S&P Global Market Intelligence said on Monday that the new government will likely focus on job creation and addressing farmers’ concerns in its first 100 days.
“India’s recent parliamentary elections have resulted in Prime Minister Narendra Modi’s continued leadership, although the Bharatiya Janata Party (BJP) has lost its majority and now relies on coalition parties for stability and policy passage,” the research firm said in a note.
The Bharatiya Janata Party won 240 seats in the recently concluded national elections, falling short of the 272-majority mark.
The firm noted that India will likely continue its production-linked incentive (PLI) scheme to boost manufacturing. The PLI scheme covers 13 sectors and has benefits that extend until 2025.

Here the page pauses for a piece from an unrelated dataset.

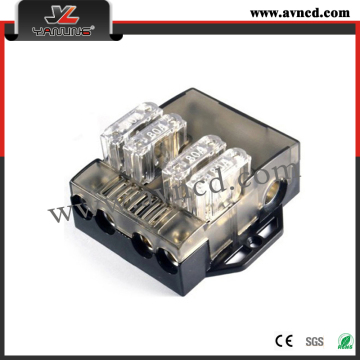 Car Maxi Fuse Holder (YLF-35)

“The success of the scheme, measured by increased exports in key sectors, is likely to result in its continuation. The production of Apple Inc.’s iPhone in India has helped drive total exports of phones 46 percent higher year over year in the past three months,” S&P Global noted.
The firm also highlighted that the demographic dividend, in the form of a large young labour force, allowed the country to expand manufacturing.

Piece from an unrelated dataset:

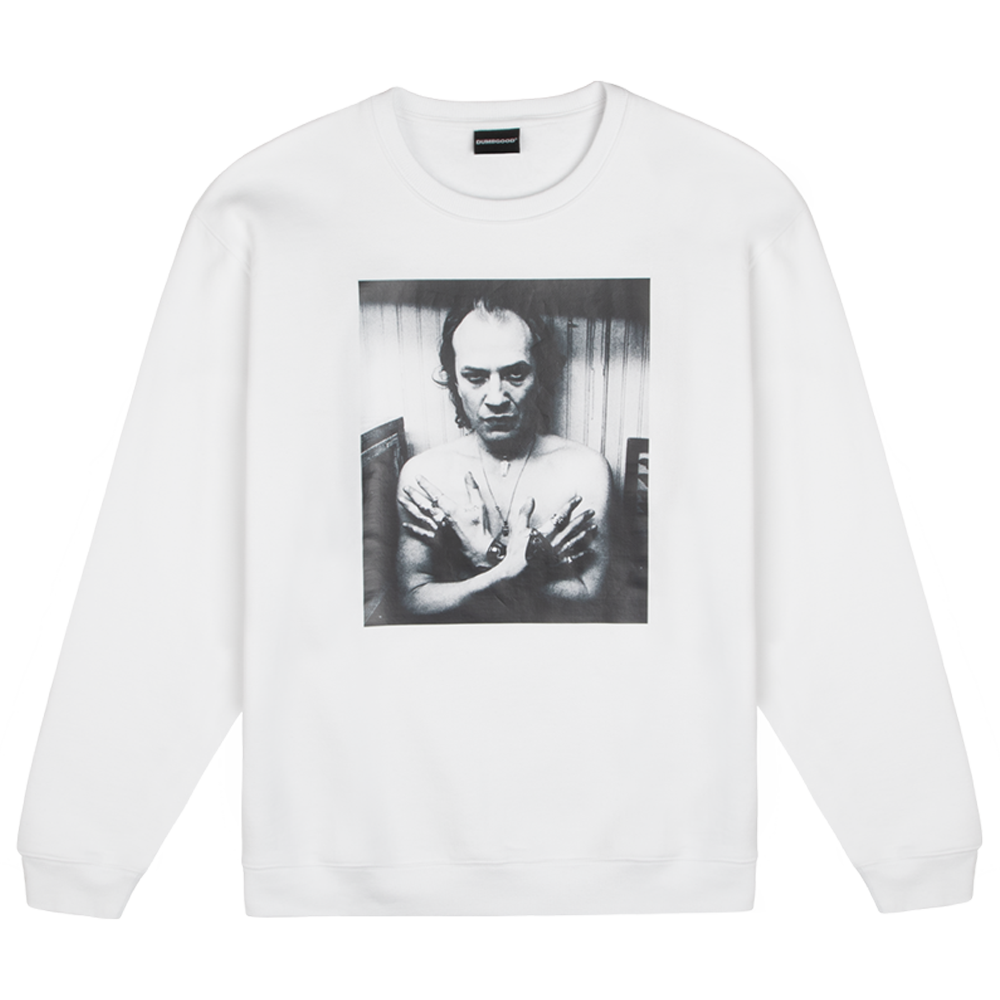 Buffalo Bill Crew Neck Sweatshirt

It cited higher operational risks in the form of labour and infrastructure disruption as impediments to growth.
India has been targeting an increase in manufacturing’s share of GDP to 25 percent from the current 16-17 percent.
“India’s advantages over the Association of Southeast Asian Nations (ASEAN) and other regions from a reshoring perspective range from a large domestic market to government support for long-term export growth, demography and wage costs, and lower operational risks in some categories,” the researcher said.

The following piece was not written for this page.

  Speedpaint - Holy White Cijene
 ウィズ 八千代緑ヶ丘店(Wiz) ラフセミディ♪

It also noted that India could quickly seal bilateral deals with the US, UK, and EU. India has signed four major trade and economic partnership treaties in the past five years.
“Volatility in shipping rates has led to a competitive advantage for Indian exporters but increased costs for importers, increasing the motivation for state-supported investments in ports and possibly an independent shipping company,” it noted.
India has been increasing the cargo handling capacity of its ports. The cargo handling capacity of Indian ports went up to 2,691 million tonnes per annum (mtpa) in FY24 from 2,378 mtpa in FY19. The government aims to increase it four-fold to 10,000 mtpa by FY47.